Gemessen am Anteil von Grünflächen ist Brüssel eine der grünsten Städte der Welt. Das würde man kaum vermuten, wenn man einmal quer durch die betonierte belgische Hauptstadt fährt und die verpestete Luft einatmet, die dank hartnäckiger Staus zur dreckigsten in Europa zählt.

Der Trick: Zur Innenstadt wird auch der königliche Park von Laken gerechnet, ein riesiges Gelände, mit 186 Hektar fast so groß wie das Fürstentum Monaco. Dem gemeinen Brüsseler bringt das allerdings wenig, denn für die Öffentlichkeit ist das Gelände nicht zugänglich, bis auf zwei, drei Wochen im Frühjahr, wenn die Blumen blühen. Nur für ganz wichtige Menschen, etwa Melania Trump, die als First Lady der USA kürzlich in der Stadt war, macht König Philipp natürlich eine Ausnahme.

Gerten Van den Abbeele geht dieser Zustand auf die Nerven. Ganz in der Nähe, sagt der Aktivist, wohne die Hälfte der Brüsseler Einwohner, dicht gedrängt in Laken oder Molenbeek. "Und die haben keinerlei Grünflächen zur Verfügung oder einen Park, der den Namen verdienen würde. Hunderttausenden Brüsselern schlägt das auf das Gemüt und auf die Gesundheit."

Die Lösung sei einfach: die Tore öffnen, und zwar für alle. Über Facebook hat Van den Abbeele für Sonntag zu einem Picknick vor den streng bewachten, sechs Meter hohen Mauern aufgerufen. Wer motiviert sei, könne später ja versuchen, "noch ein Schrittchen weiter zu gehen", umschreibt er behutsam sein eigentliches Ziel: mit zivilem Ungehorsam endlich die royalen Grashalme platt zu sitzen.

Wundersame Konstrukte aus Eisen und Glas

Im Park liegen neben dem königlichen Wohnschloss auch die berühmten Gewächshäuser, gebaut zwischen 1874 und 1895 im Auftrag von König Leopold II., der einen Teil davon mit dem Geld bezahlte, das er mit der Ausbeutung des Kongos verdiente. Wundersame Konstrukte aus Eisen und Glas sind das, in einem verspielten Stil, der den Art nouveau vorwegnimmt. Wer unter den Kuppeln wandelt, zwischen Bananenstauden, Fächerpalmen und Orchideen, darf sich wie im Märchen fühlen.

Genutzt wird der Park ansonsten kaum, sieht man von den Joggingrunden ab, die der Monarch gelegentlich dort dreht.
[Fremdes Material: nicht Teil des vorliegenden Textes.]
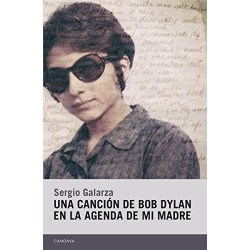 Una canción de Bob Dylan en la agenda de mi madre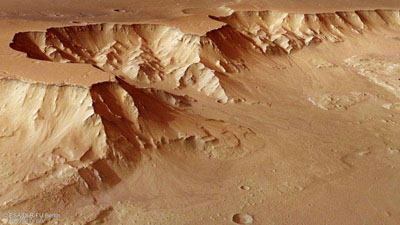 Свидетель водного Марса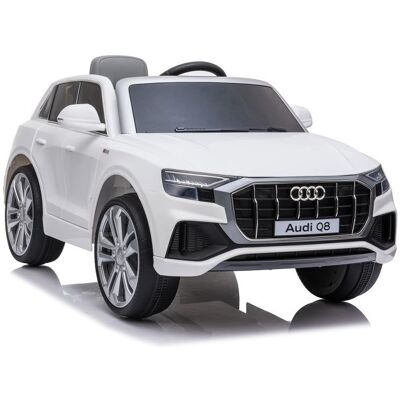 Super Oryginalne Audi Q8 W Najlepszej Opcji, Miękkie Koła, Miękkie Siedzenie/Jj2066 Super Oryginalne Audi Q8 W Najlepszej Opcji, Miękkie Koła, Miękkie Siedzenie/Jj2066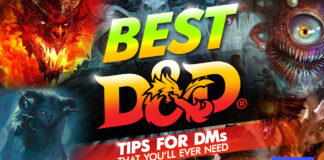 best d&d tips for dms that you’ll ever need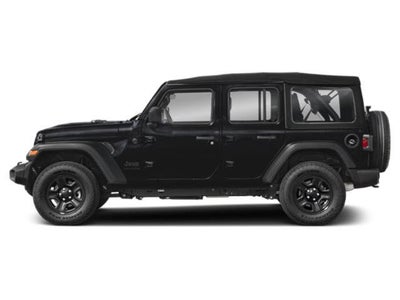 2026 Jeep Wrangler 85th Anniversary Edition
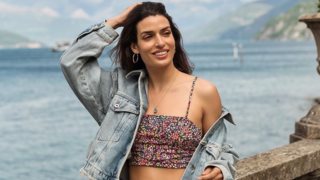 Η Τόνια Σωτηροπούλου έβαψε τα νύχια της στο χρώμα που έχει γίνει ανάρπαστο σε όλα τα nail salons παγκοσμίως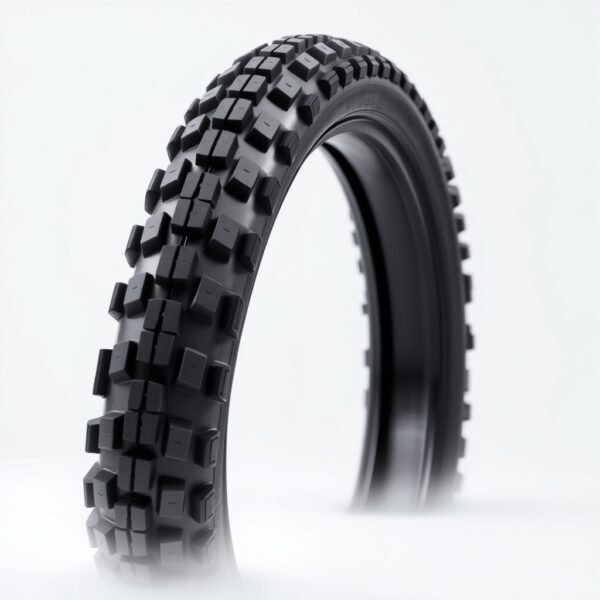 Off-Road Dual Sport Tyre 90/90-21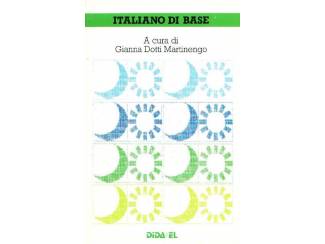 Overige Boeken en Diversen Italiano di Base - Gianna Dotti Martinengo - DiDa*El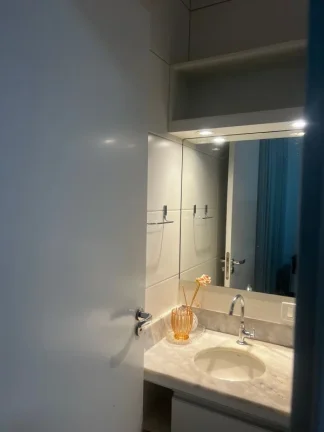 Imagem Casa mobiliada para locação no Sim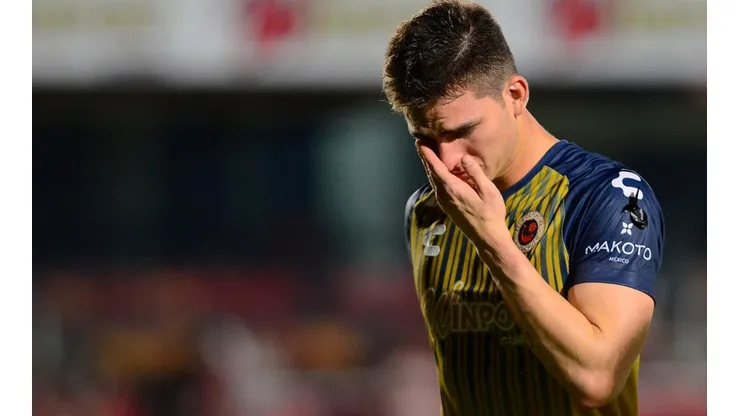 Las deudas de Veracruz impedirían que Jurado pase a otro equipo de la Liga MX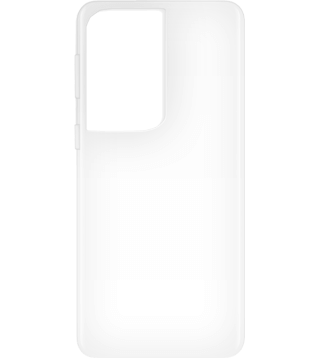 capa silicone samsung galaxy s21 ultra transparente costas  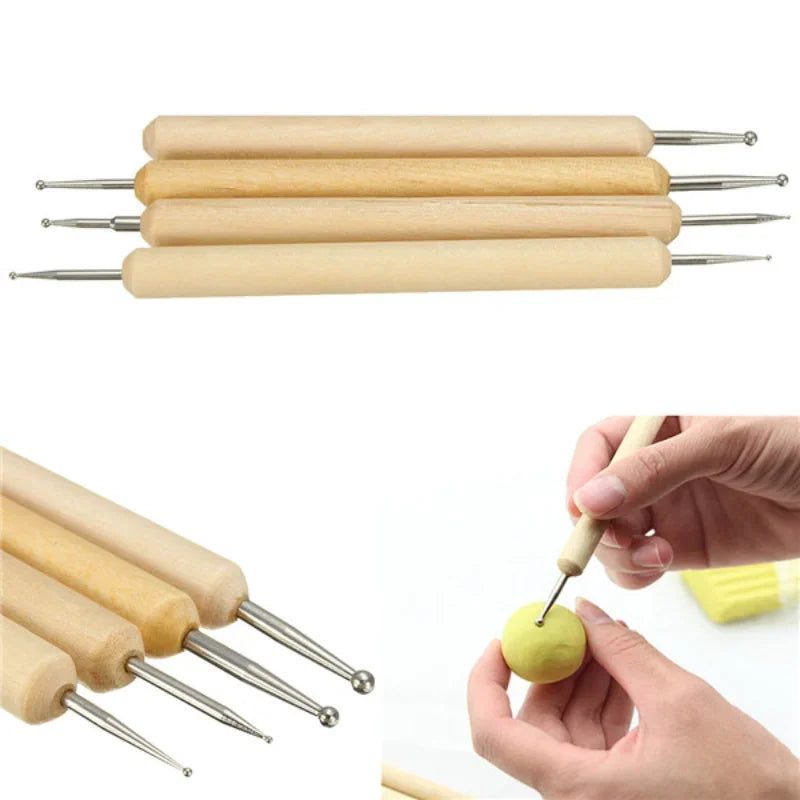 Libérez Votre Créativité Avec l'Ensemble Outils Stylet à Boule Artisanat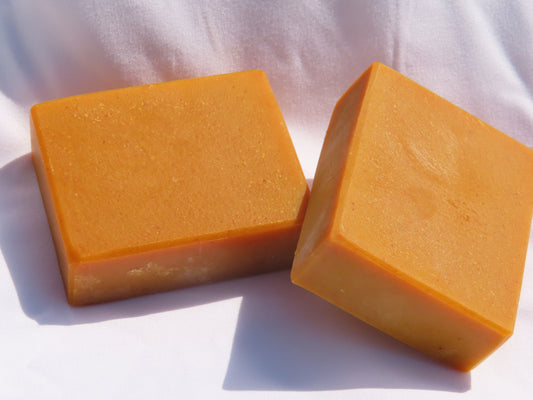 Kojic Acid / Turmeric Soap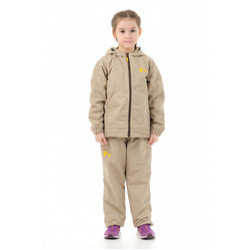 Фото: “Костюм детский Трэвел, таслан, бежевый”, купить в интернет магазине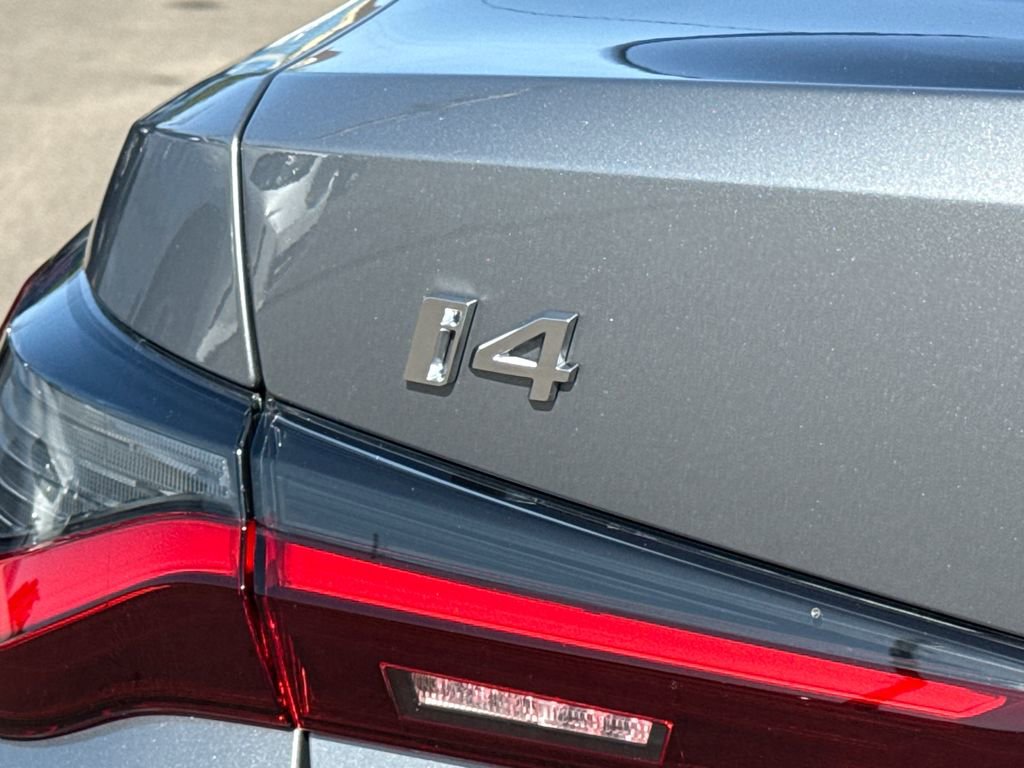 New 2026 BMW i4 xDrive40 RWD image 10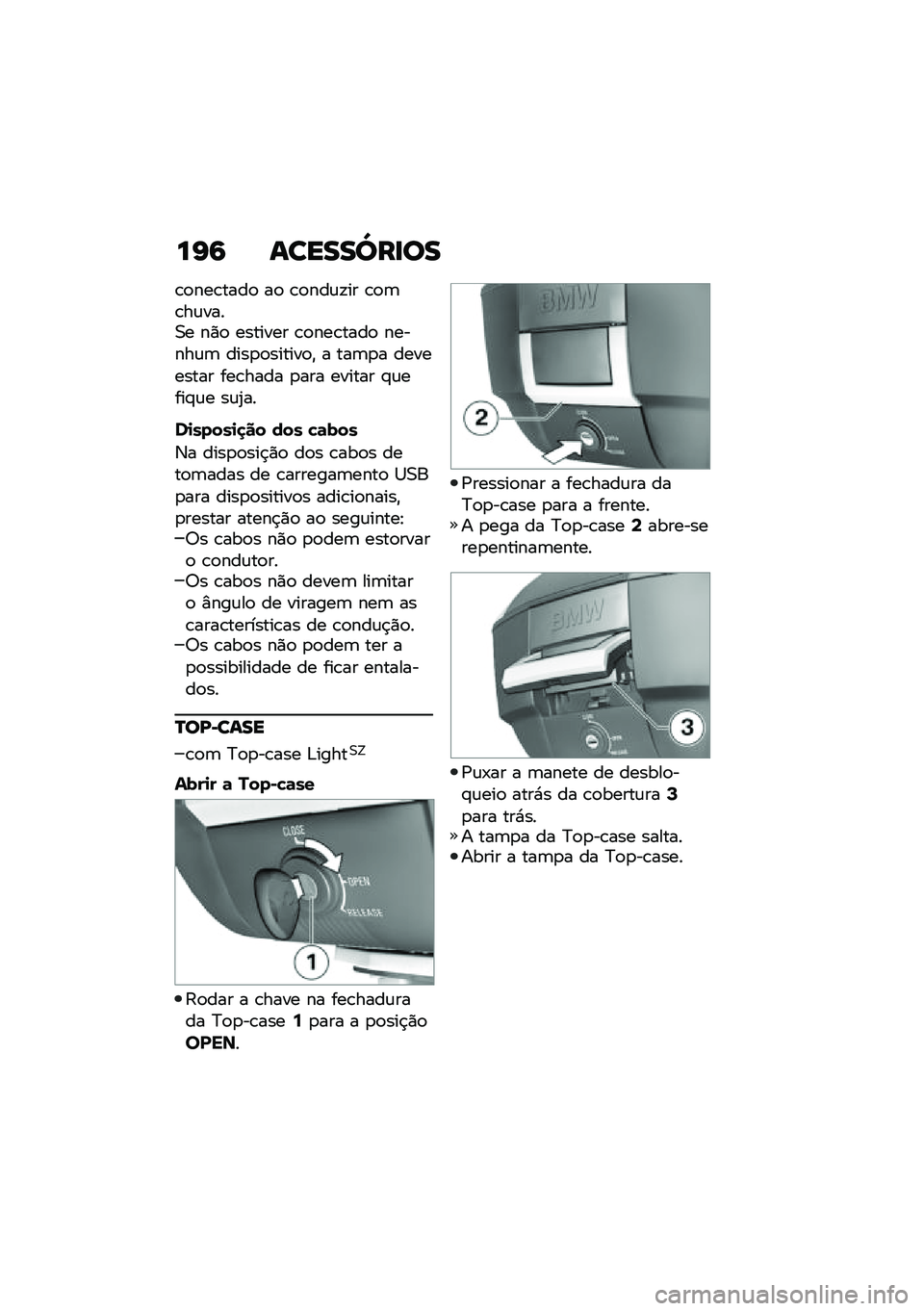 BMW MOTORRAD C 400 GT 2021  Manual do condutor (in Portuguese) ��I�6 ������Z��
��
�\b�
���\b����
 ��
 �\b�
���\f�!�� �\b�
�	�\b��\f����0� ��)�
 ������� �\b�
���\b����
 ������\f�	 ����
�
������
�" � ���	�
� ��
Er interessiert sich mehr für Autos als für Pflanzen, als Prinz soll er von hier aus Übungsflüge mit einem bordeauxroten Helikopter unternommen haben, zum Atomium und zurück. Ab und an spielen die vier königlichen Kinder Ball auf dem Rasen.

Schon im Januar hatte Van den Abbeele einen ersten Aufruf gestartet, aber damals war es für ein Picknick zu kalt, die Mitstreiter sprangen ab. Vor fünf Jahren aber hatte der Umweltkämpfer schon einmal Erfolg. Er picknickte mitten auf der viel befahrenen Anspachstraße in der Innenstadt; drei Jahre später wurde das Gebiet zur autofreien Zone.

Diesmal könnte es schwieriger sein, obwohl sich fast alle politischen Parteien dafür aussprechen, wenigstens einen Teil des Parks zu öffnen. Es sei kein Geheimnis, dass der König sehr an seinem Garten hänge, zitiert die Zeitung De Morgen einen Anwohner. "Wenn er nicht will, wird nichts passieren."